(WORK TASK):
Every entry that follows is to be set down exactly, with its pictures omitted.

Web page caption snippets
※ ※ ※

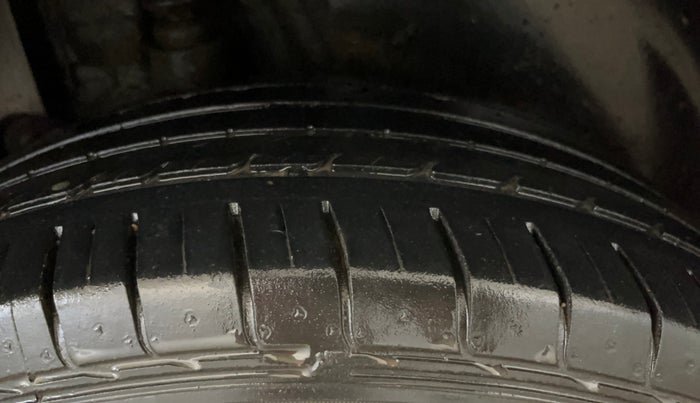 2020 KIA SELTOS HTX IVT 1.5 PETROL, Petrol, Automatic, 35,401 km, Right Rear Tyre Tread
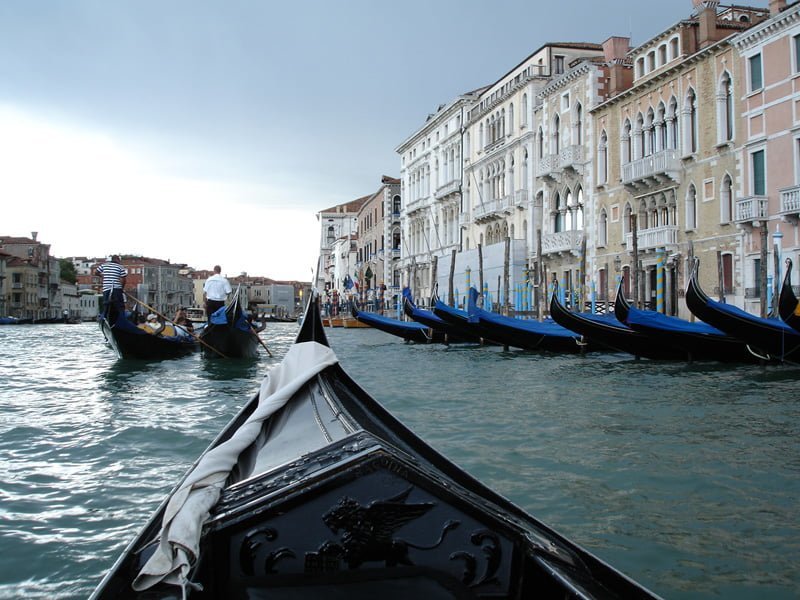 venedik gondolları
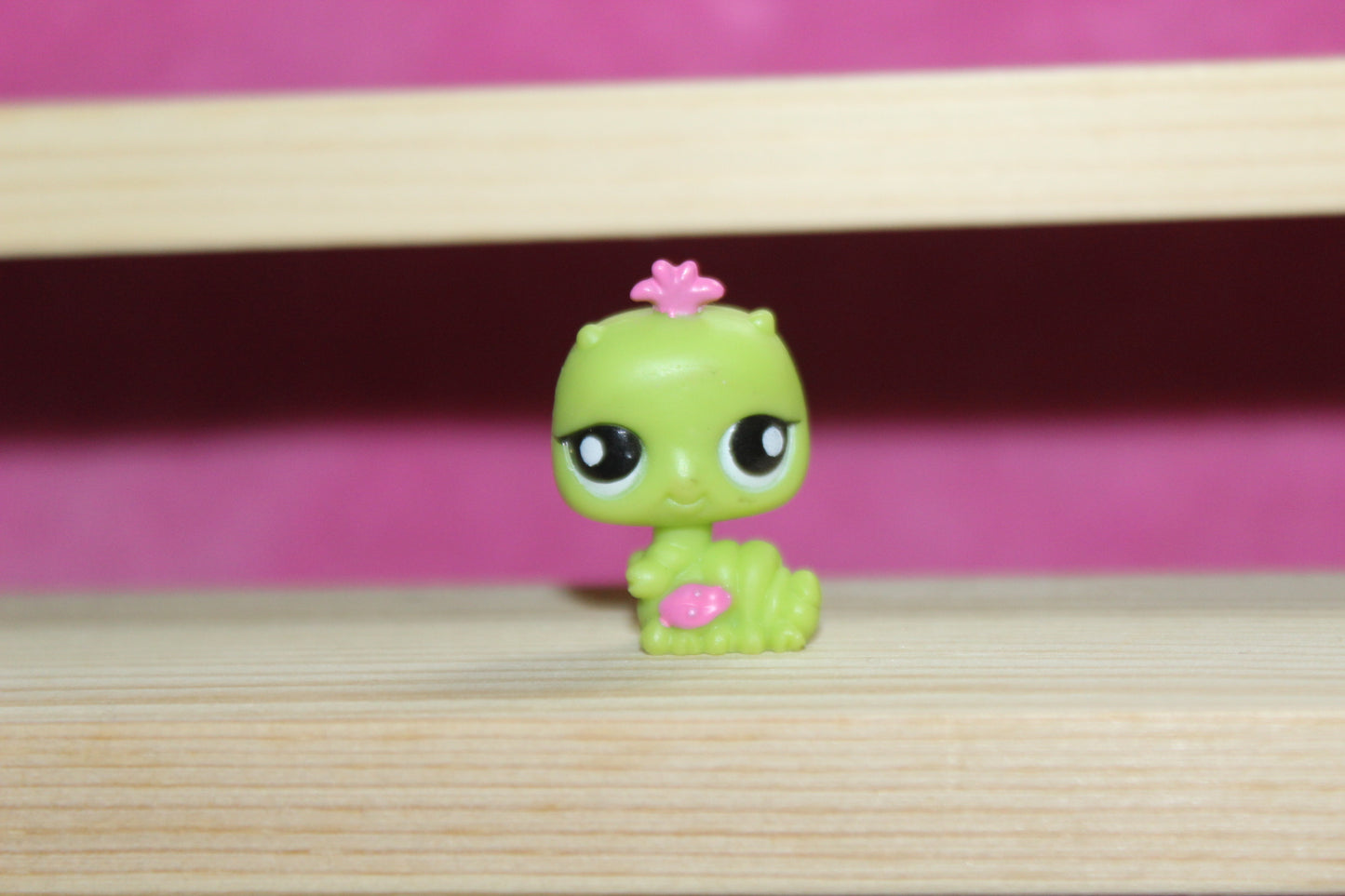 Authentic LPS mini pet worm
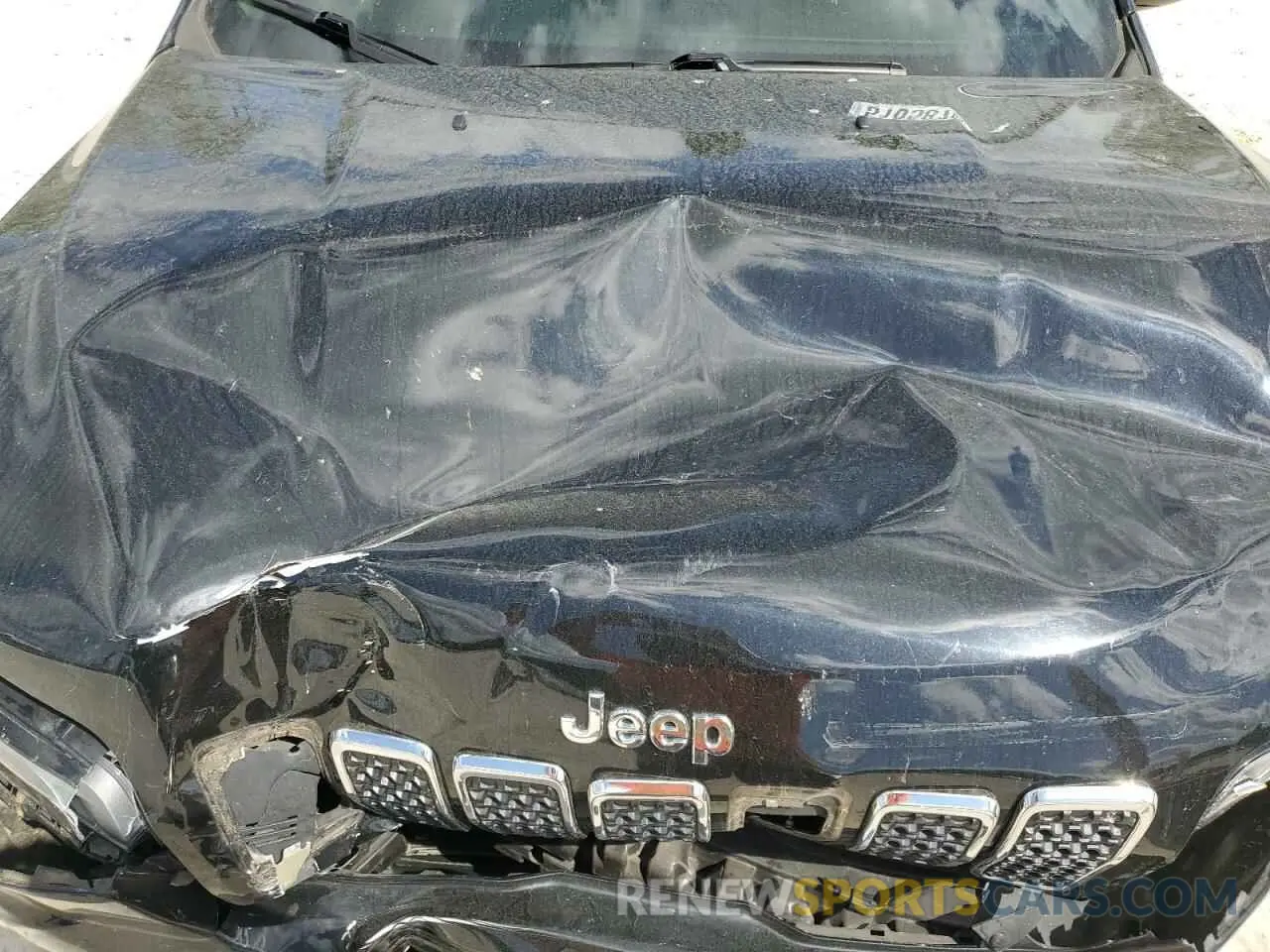 14 Photograph of a damaged car 1C4PJLCB6KD262837 JEEP GRAND CHER 2019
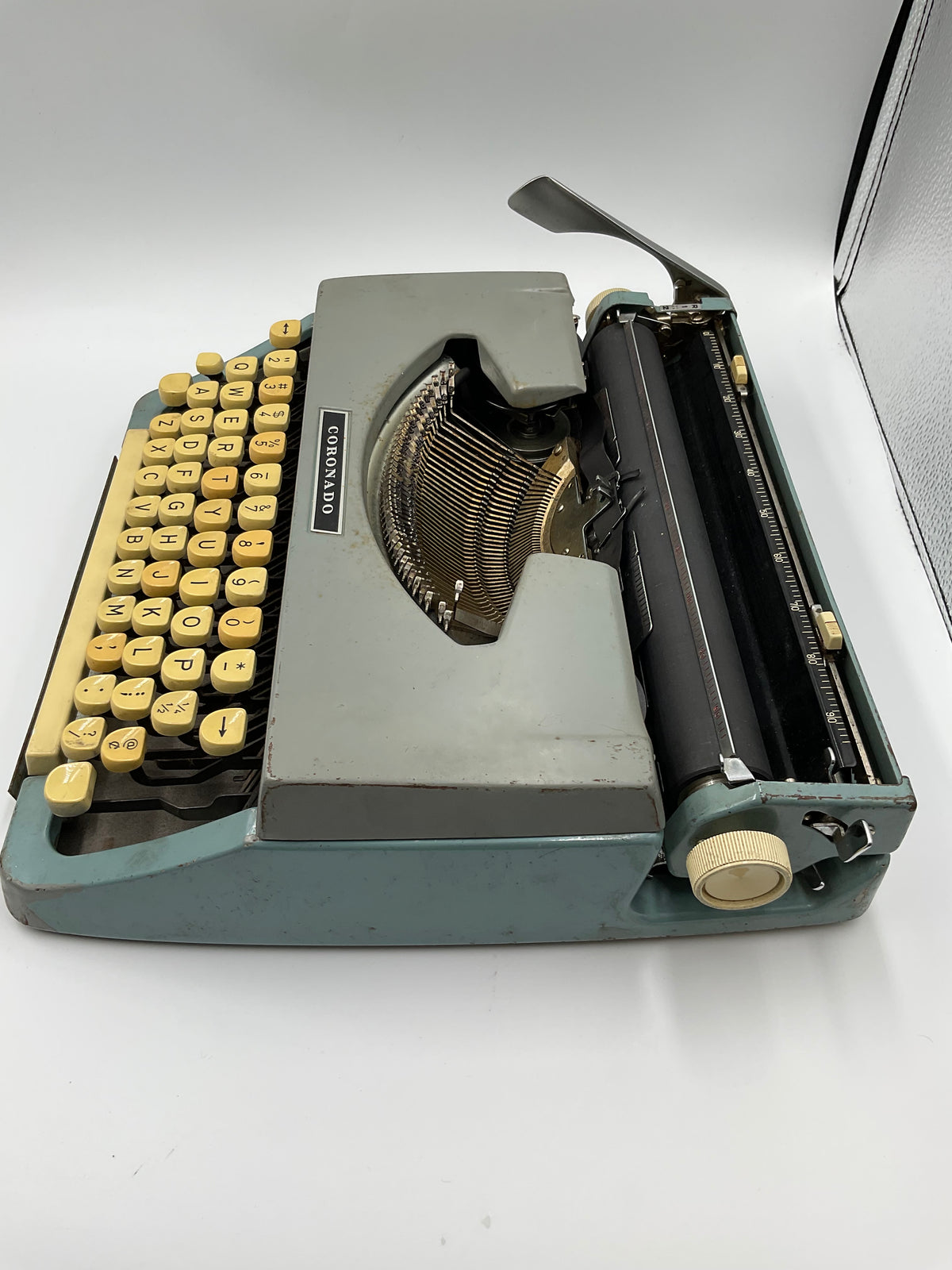 Vintage Coronado Brother Portable Manual Typewriter Blue w/ Hard Case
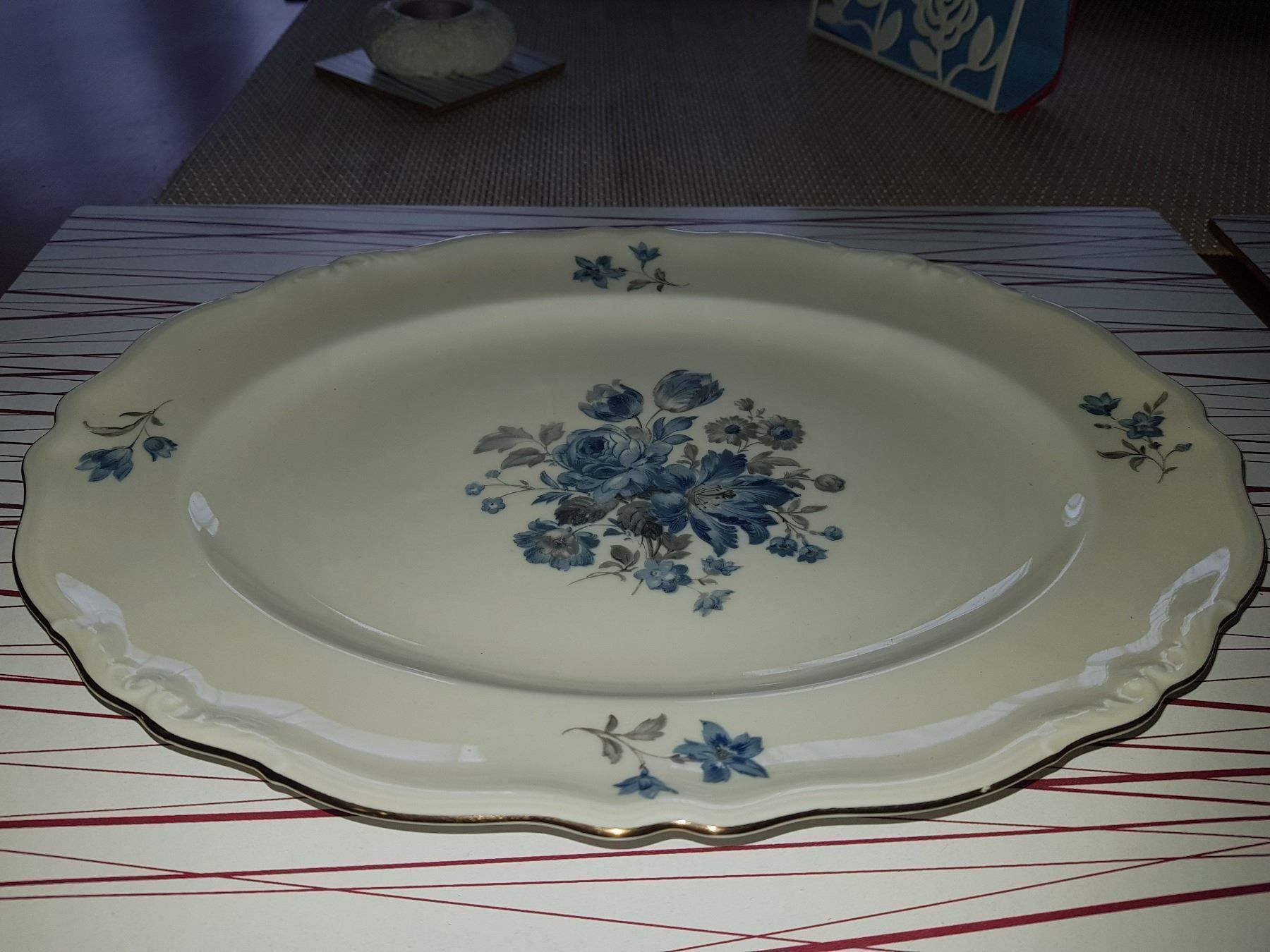 Piatti: assiette ovale EPIAG CZECHOSLOVAKIA – Usato da Cossonay-ville venduto da Super-Price-Quality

※ ※ ※

(OUTPUT FOR THIS TASK):
 2020 KIA SELTOS HTX IVT 1.5 PETROL, Petrol, Automatic, 35,401 km, Right Rear Tyre Tread
 venedik gondolları
 Authentic LPS mini pet worm
 14 Photograph of a damaged car 1C4PJLCB6KD262837 JEEP GRAND CHER 2019
 Vintage Coronado Brother Portable Manual Typewriter Blue w/ Hard Case
 Piatti: assiette ovale EPIAG CZECHOSLOVAKIA – Usato da Cossonay-ville venduto da Super-Price-Quality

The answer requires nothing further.